Records for that period show that Inglesby made purchases of $9,663.82 on credit accounts she opened without permission in Woodside's name at Lowe's Home Improvement Warehouse, Wal-Mart, Sam's Club and MBNA Bank. The purchases included dog food, rugs, toilets, furnace filters and jewelry.

Inglesby also made unauthorized purchases totaling $6,950.55 on church-approved cards to obtain such items as a lawn mower and home electronics from Builders Square and Home Depot. She also bought several computers on the church's account at Staples, keeping some for herself and "donating" others to the congregation.

In addition to misusing church credit cards, Inglesby cut herself three extra paychecks totaling $3,408 between January and May of 2001, according to court documents, and cashed more than $20,000 in church checks for personal use, claiming to have used the money for postage. She also purchased $3,606 in unauthorized items from other local businesses.

She was arrested in May after a nine-month police investigation. 

The Rev. Douglas C. Hoglund, Woodside's pastor, declined to comment. It was a surprise phone call to Hoglund from Sam's Club last Aug. 29 that eventually led to Inglesby's arrest. The caller said the church was four months behind on payments on a Sam's Club account in the church's name and had a balance of about $1,000. Hoglund learned that the account had been opened in July 1999, and that the authorized signature was Inglesby's.

Two days later, the pastor got a letter from Staples indicating that Woodside owed more than $4,000 on merchandise Hoglund knew had not been bought by the church, which typically buys office supplies from another company.

On Sept. 2, Hoglund called a meeting of the church session on the matter, and the session decided to investigate further. Church officials went through a dumpster and office garbage cans, discovering shredded bills and late notices from accounts Inglesby had unlawfully opened.

On Sept. 4, when she was confronted by church officials, Inglesby initially denied that she had opened the accounts in Woodside's name, saying the cards had been sent to her by mistake. She admitted that she'd used church funds to make some credit payments, but said she intended to pay the money back.

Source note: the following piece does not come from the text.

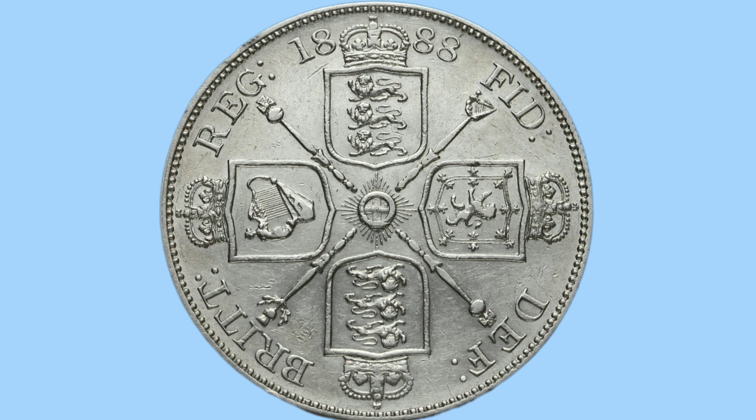There are two sceptres again for England with the royal orb, one with the thistle for Scotland, and then one with the harp of Ireland. Around this is the legend reading 'Brit Reg Fid Def'.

Woodside officials fired Inglesby and contacted local police, who later filed charges of theft, receiving stolen property, theft by deception and device fraud (illegal use of a credit card).

"She victimized a lot of people," said David Zellis, Bucks county's first assistant district attorney, "all the members of that church."

In a letter read in court, church administrator Judith Jones said the thefts meant that Woodside couldn't buy a van for its youth program, fix a leaky roof or finish other projects. Among the programs affected, she said, were the Adventure Club (a children's program) and vacation Bible school.

According to the Bucks County Courier-Times, Inglesby's attorney, Niels Eriksen, said his client had mental health problems and was under financial stress when she stole the money. He said she has cooperated with police and already has paid back $3,600. 

"She is extremely remorseful," the attorney said. "She intends to pay back every dime."